Wednesday, September 21, 2011

Before the Bell 9/21/11


The Market, Technical

The Averages (DJIA 11408, S&P 1202) had another volatile day, though they closed above the lower boundary of their short term up trends (11316, 1161) and within their respective intermediate term trading ranges (10725-12919, 1101-1372).

Volume declined; breadth improved including the flow of funds turning positive. The VIX was up fractionally and remains in the upper zone of its trading range.


GLD rebounded above the initial support level after confirming the break of its short term up trend yesterday. This level now becomes the lower boundary of a new short term trading range. As long as GLD holds above this new support level, our Portfolios will hold their current position in GLD.

Bottom line: if the volatility and schizophrenia of the current Market isn’t driving you crazy, I need some of stuff that you are taking. There is no real solution except patience and carefully monitoring our holdings in the context of our Price Disciplines. The Market’s bias appears to be positive; so given current valuation levels, our Portfolios are buyers of stocks on dips, if they just stay there long enough to get a trade done.

What high yield funds may be telling us (short):
http://advisorperspectives.com/dshort/guest/Chris-Kimble-110920-High-Yield-Indicator.php

The 50 day moving average barrier (short):
http://www.bespokeinvest.com/thinkbig/2011/9/20/stymied-by-the-50-day.html

Fundamental

The economic news yesterday was mixed: housing starts were off more than expected though building permits were above estimates; weekly retail sales were down week over week but still strong year over year.

Once again, it didn’t matter as all eyes remain on the Punch and Judy show in Europe.
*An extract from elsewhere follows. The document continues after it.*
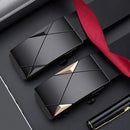 Cinto de couro masculino preto com fivela automática de trilho em liga metálica e aço inox, design moderno de linhas limpas, ideal para uso social e casual, ajuste sem furos para um caimento firme e confortável na cintura ao longo do dia.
Over night S&P lowered the rating on Italian government bonds, but Greece made a circa $700 million interest payment. The relief over the latter coupled with some optimistic statements from EU officials regarding a resolution of the Greek problem out weighted the negative implications of the former.

Then late afternoon, stories circulated that (1) a deal with Greece was in fact not eminent, (2) the Troika (ECB, EU and IMF) would meet this weekend to further discuss the steps needed for a permanent solution to the Greek problem, (3) no decision was likely to be made till October and (4) Papandreou might hold a referendum on austerity measures sent investors back to the exits. Stocks rolled over and ended basically flat on the day--which all things considered, I think a minor victory.
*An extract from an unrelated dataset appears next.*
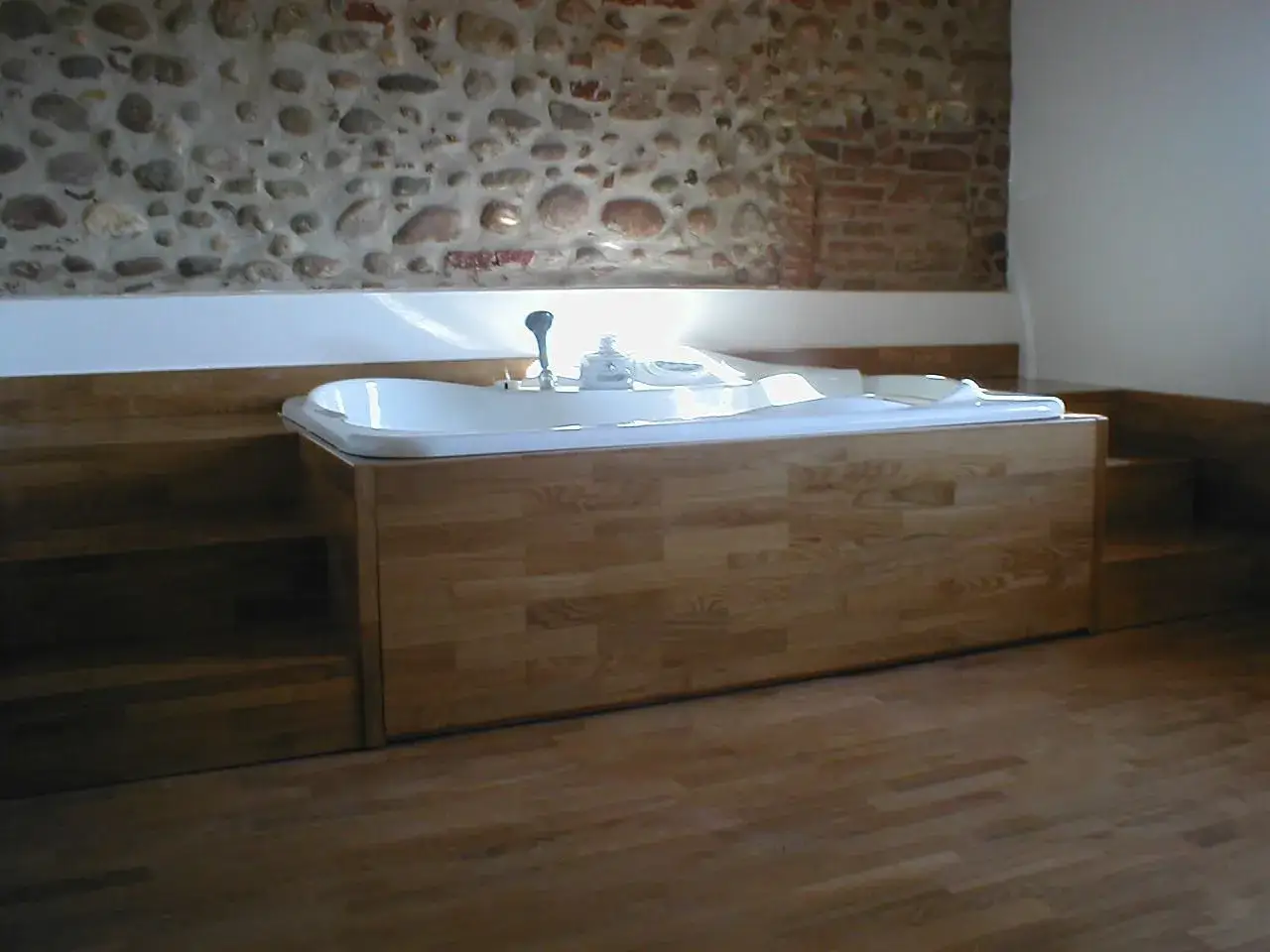 Nuova soluzione per rivestire vasca da bagno rovinata con pannelli in legno e un design moderno.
Bottom line: stocks are undervalued as calculated by our Model. Explicit in that is, that the latest yakking about jobs and a balancing budget notwithstanding, the US economy isn’t going to improve from its current state of near moribund growth and the political class will do nothing more than they are currently doing--in other words nothing.

Not to be ignored is the current Fed meeting in which many Market participants are assuming more easing. The GOP leadership just made that a bit more difficult (see below)--thank heavens. The last thing this economy needs is more free money, which incidentally is also in our Model.
http://www.zerohedge.com/news/eve-critical-fomc-decision-republicans-resend-letter-bernanke-demanding-no-more-qe

And:
http://www.zerohedge.com/news/shadow-banking-system-imploded-q2-bernankes-choice-tomorrow-has-been-made-him

Bernanke’s choices (short):
http://www.zerohedge.com/news/shadow-banking-system-imploded-q2-bernankes-choice-tomorrow-has-been-made-him

Further, a default/restructuring of Greek debt is also in our assumptions. The problem as exemplified by the spastic performance of equities is that the eurocrats are no better than our own and necessity is dragging them kicking and screaming toward an endgame, whatever its form. The risk is that the endgame occurs before they wise up and take the necessary steps to ring fence Greece and provide for the liquidity demands of the EU financial system. As you know for me the trip wire as to whether they will be successful is whether Greece’s default/restructuring (and I believe that there is virtually a 100% probability of that) is orderly.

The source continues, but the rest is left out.